About the Author:
Catherine Cookson lived in Northumberland, England, the setting of many of her international bestsellers. Born in Tyne Dock, she was the illegitimate daughter of an impoverished woman, Kate, whom she was raised to believe was her older sister. She began to work in the civil service but eventually moved south to Hastings, where she met and married a local grammar school master.
Although she was originally acclaimed as a regional writer, in 1968 her novel The Round Tower won the Winifred Holtby Award, her readership quickly spread worldwide, and her many bestselling novels established her as one of the most popular contemporary authors. After receiving an OBE in 1985, Catherine Cookson was made a Dame of the British Empire in 1993. She died shortly before her ninety-second birthday, in June 1998, having completed 104 works.
From Publishers Weekly:
The latest from Cookson ( The Love Child ; The Bailey Chronicles ) is a perfunctorily plotted novel of tragedy and romance. After his father's death in 1926, five-year-old Joe Jebeau and his tyrannical mother, Ellen, move to his uncle Arthur's estate in northern England. As the years pass, Ellen becomes the mistress of the house, a position she plans to retain by any means necessary.
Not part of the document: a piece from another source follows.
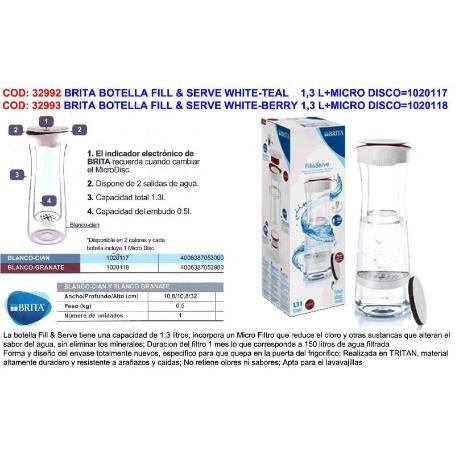 BRITA FINSTOCK BOTELLA FILL&SERVE WHITE-TEAL 1,3 L+MICRODISC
By the onset of WW II, her greedy scheming has landed her son a title and an estate, but at the cost of the lives of the people he loves most. To escape his mother's madness, Joe joins the war effort, hiding behind the uniform of a common corporal and trying to bury his pain. When he believes himself betrayed by the woman he has loved since childhood, he sinks even deeper into despair. It takes plain but wise Maggie LeMan and her outspoken, down-to-earth aunt to break through the barrier Joe has constructed and teach him how to see the truth. Many of the story's emotional developments seem forced, especially Joe's agonizing and his eventual discovery of his feelings for Maggie. Cookson's contrived characterizations never fully engage her reader. Literary Guild and Doubleday Book Club alternates.